Let’s see what this thinking may look like:

1.Comparing Yourself With Others

When you’re wondering if you’re not good at anything, this thought can often be born when you begin comparing yourself to others. Witnessing others’ success on social media, TV, or in magazines can make you feel that while others are successfully moving forward and have found their happiness and purpose in life, you’re stuck where you were two years ago.

2.Focusing On Past Failures

You may also begin a list of why you’re still unsuccessful when others are moving forward. You may begin to think about the time you were rejected for a job you wanted or when you tried to complete a course only to fail.

3.Avoiding New Interests

If you’re thinking about how you’re not good at anything, then you might also feel an inability to pursue any new interests or hobbies. Your negative thinking may be holding you back to enjoy your interests. Even if you gather enough courage to begin, thinking about your past failures may stop you again.

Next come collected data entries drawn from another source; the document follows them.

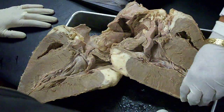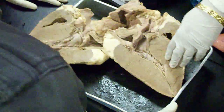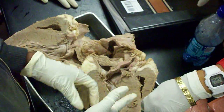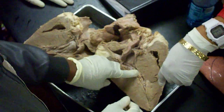So do we consider this trabeculae carneae or would you consider this the myocardium? Well, the muscle is myocardium, but it's actually a trabeculae carneae. I thought this was the trabeculae carneae. I thought that was the papillary muscle. This is the papillary muscle. And here? This is the myocardium.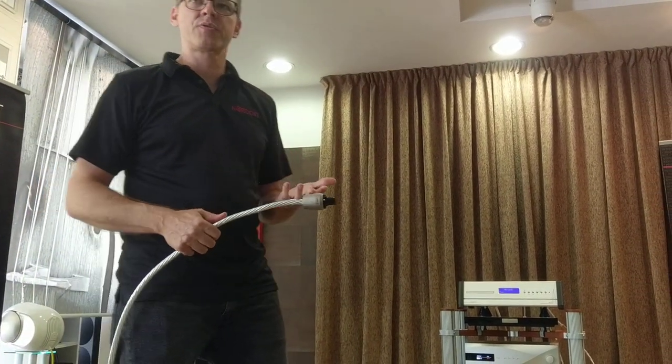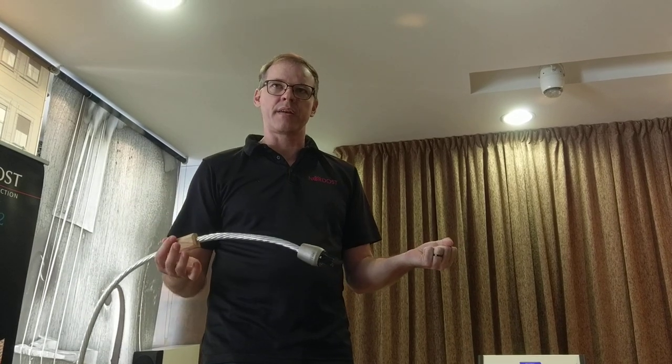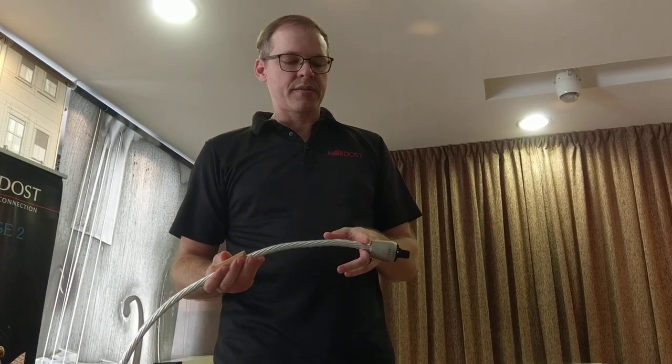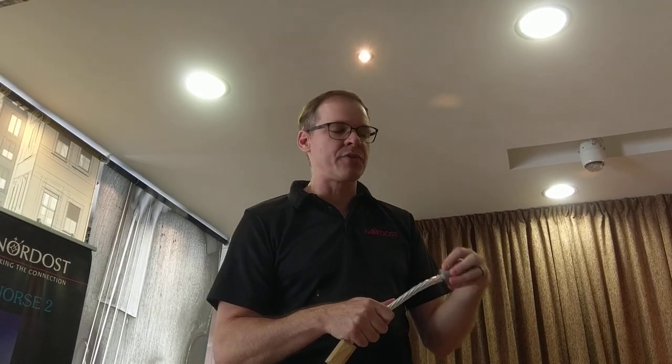Why did we go to the trouble of making our own connector? Suppose I had the connector in one hand and the cable in the other, and I gave the cable to you to terminate it for me. First you would take the outer insulation off a little bit. With a universal regular connector, you would have to expose the conductors and then manipulate and fiddle with them so that they fit into that universal connector. For example, in Odin 1 we had the Furutech top-of-the-line carbon fiber connector — it's a fantastic connector — but it requires you to destroy the geometry of the cable to make the conductors go into the specific slots.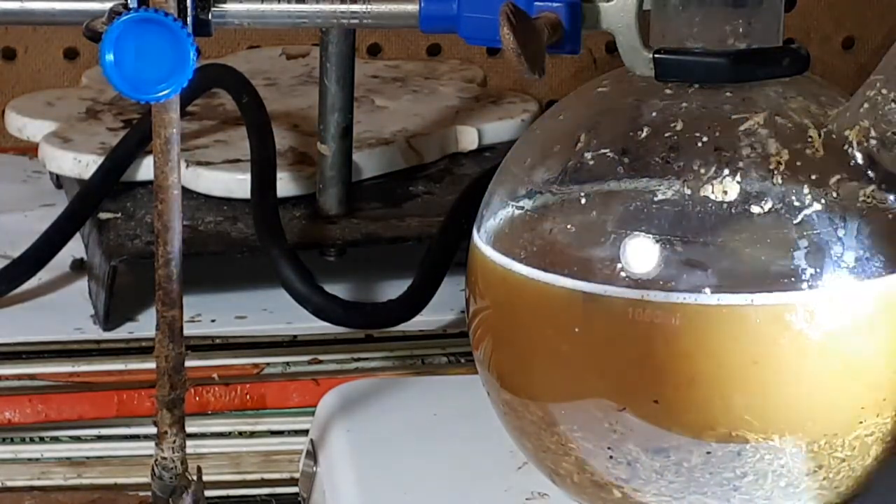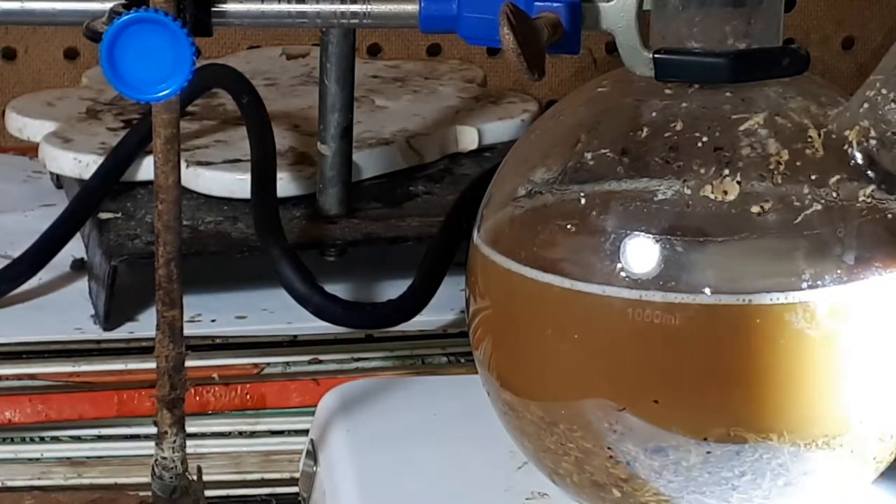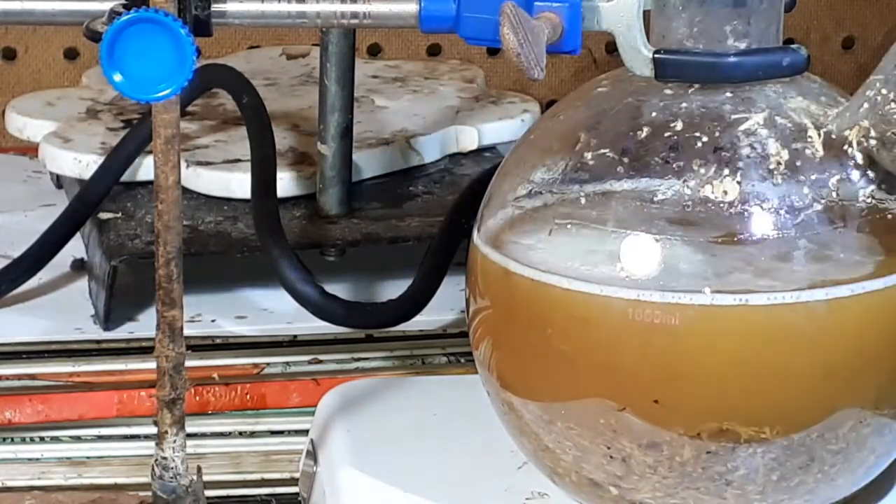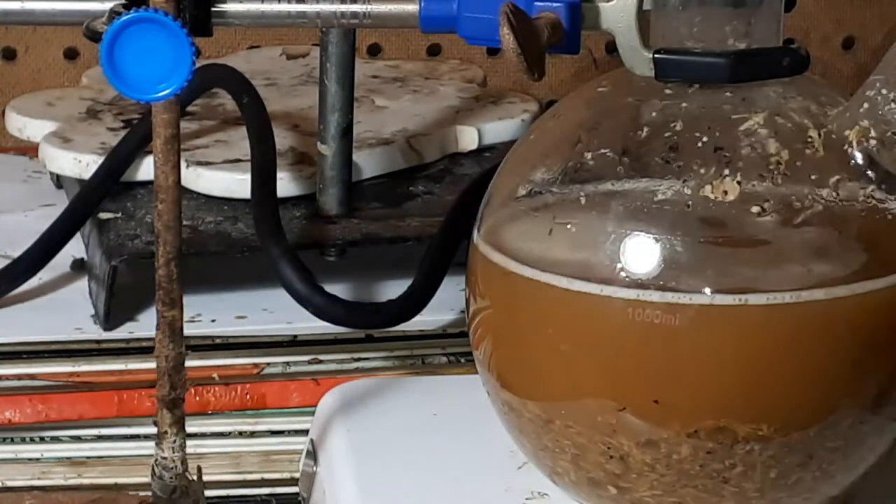Now it stops stirring because there is too much salt inside this one-liter, two-jointed flask.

Other than thinking, “I’m not good at anything”, you may have similar thoughts such as:

  • “I don’t have any talents”
  • “No one is interested in me or my achievements”
  • “Why am I trying so hard when I’m going to fail?”
  • “Everyone around me is successful except me”
  • “I’ll never be good enough”

Why You Feel This Way: The Causes

There can be many factors that may cause you to think “I’m not good at anything”. More often, these reasons can manifest because of your personality traits, life experiences, upbringing, or any other major lifestyle change.

Let’s see what are the potential causes of low self-esteem and this negative thinking:

1.Negative Self-Talk

A classic example of negative self-talk is “I’m not good at anything” or “I’m not good enough”. How you talk to yourself can impact your self-esteem, self-identity, and self-confidence. If you keep up with the negative self-talk, then you will inevitably develop low self-esteem and begin to think you’re not good at anything.

2.Toxic Relationships

Another reason why you may be thinking, “I’m not good at anything” can also be because of the company around you. If you’re around toxic people or in toxic relationships, then their closeness can also affect your self-esteem and self-confidence, making you think you’re not good enough.

3.Past Trauma

Childhood experiences and past trauma can also severely affect our self-esteem, confidence, and the way we think. If you’ve had an abusive childhood or any trauma in your life in the past then it could be one of the reasons you’re thinking about how you’re not good at anything.

How To Cope And Move On?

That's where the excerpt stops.